Introducing PyGEOS

In this blogpost I present my new Python package: PyGEOS. PyGEOS (documentation) is a library that exposes geospatial operations from GEOS into Python. Arrays of geometries can be operated on with almost zero Python interpreter overhead, leading to performance increases of up to 100 times compared to current shapely or geopandas usage.

I aim to keep the API (and performance) of PyGEOS close to that of PostGIS: the de facto standard library of geospatial analysis on large datasets.

This work has been inspired by the efforts of Joris Van den Bossche and Matthew Rocklin on accelerating geopandas. I recommend reading their earlier blogposts on this subject:

https://jorisvandenbossche.github.io/blog/2017/09/19/geopandas-cython/
http://matthewrocklin.com/blog/work/2017/09/21/accelerating-geopandas-1

Also, thanks Joris for combining efforts on turning PyGEOS into a mature project.

PyGEOS

PyGEOS aims to provide vectorized geospatial operations to the Python ecosystem. “vectorized” means that the operations not only work on single geometry objects: they work on N-dimensional arrays in an elementwise fashion. A short example:

import pygeos
import numpy as np

points = [
    pygeos.Geometry("POINT (1 9)"),
    pygeos.Geometry("POINT (3 5)"),
    pygeos.Geometry("POINT (7 6)")
]
box = pygeos.box(2, 2, 7, 7)
pygeos.contains(box, points)

>>> array([False,  True, False])

Here, we computed whether the three points are contained in box in one go.

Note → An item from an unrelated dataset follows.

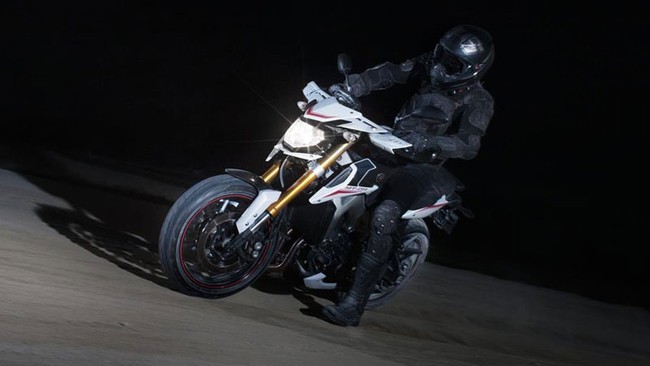 Valentino Rossi giới thiệu xe naked bike đặc biệt của Yamaha 5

GEOS (Geometry Engine - Open Source)

PyGEOS merely wraps GEOS in Python. The core pygeos.Geometry object contains a C-pointer to the actual GEOSGeometry struct.

box._ptr

94625728372472

Working with raw C-pointers has a big advantage: there is no overhead from the Python interpreter when accessing the object. This is why PyGEOS is fast. The flip side is that memory leaks and segfaults are very easy to come by.

Garbage collecting

The pygeos.Geometry uses the Python internals to be able to clean the underlying GEOSGeometry when it is not used anymore. In general, each Python object keeps a reference count, which is increased when you make another reference (box2 = box), and decreased when the variable goes out of scope.

Whenever the reference count becomes zero, Python (more specifically: the garbage collector) automatically calls the deallocation method on pygeos.Geometry, which destroys the underlying GEOSGeometry. The bottomline is that once this is set up, we do need to worry about memory management anymore.

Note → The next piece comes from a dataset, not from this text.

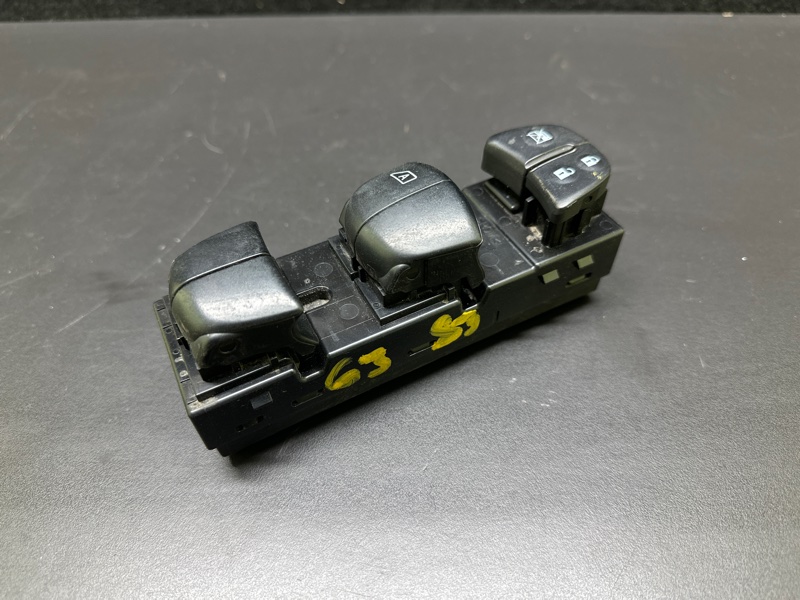 Блок управления стеклоподъемниками передний левый NISSAN ALTIMA 19- L34 PR25DD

This was the first time I actually did something with the Python C-API. I recommend reading the Python docs or having a look at the PyGEOS source if you’re interested in how this works exactly.

NumPy ufuncs

The functions in PyGEOS are Numpy universal functions or ufuncs (further reading). This makes them array-aware and able to do all the broadcasting gymnastics you may know from NumPy. An example:

import pygeos
import numpy as np

# create a 5 boxes that have increasing x-coordinates
poly_x = np.array([pygeos.box(0 + i, 0, 10 + i, 10) for i in range(5)])
# create a 5 boxes that have increasing y-coordinates
poly_y = np.array([pygeos.box(0, 0 + i, 10, 10 + i) for i in range(5)])
# intersect all combinations
squares = pygeos.intersection(poly_x[:, np.newaxis], poly_y[np.newaxis, :])
# compute the areas
pygeos.area(squares)

array([[100.,  90.,  80.,  70.,  60.],
       [ 90.,  81.,  72.,  63.,  54.],
       [ 80.,  72.,  64.,  56.,  48.],
       [ 70.,  63.,  56.,  49.,  42.],
       [ 60.,  54.,  48.,  42.,  36.]])

Reprojections using PyPROJ

PyGEOS provides a way to apply functions to coordinates directly. This can be used to translate, scale, or reproject you geometries. An example using pyproj to project a point from lat/lon to webmercator:

import pyproj

def transform(coords):
    x, y = pyproj.transform(
        pyproj.CRS("EPSG:4326"),  # WGS84 lat/lon
        pyproj.CRS("EPSG:3857"),  # webmercator
        *coords.T,
    )
    return np.array([x, y]).T

pygeos.apply(pygeos.Geometry("POINT (5.2 52)"), transform)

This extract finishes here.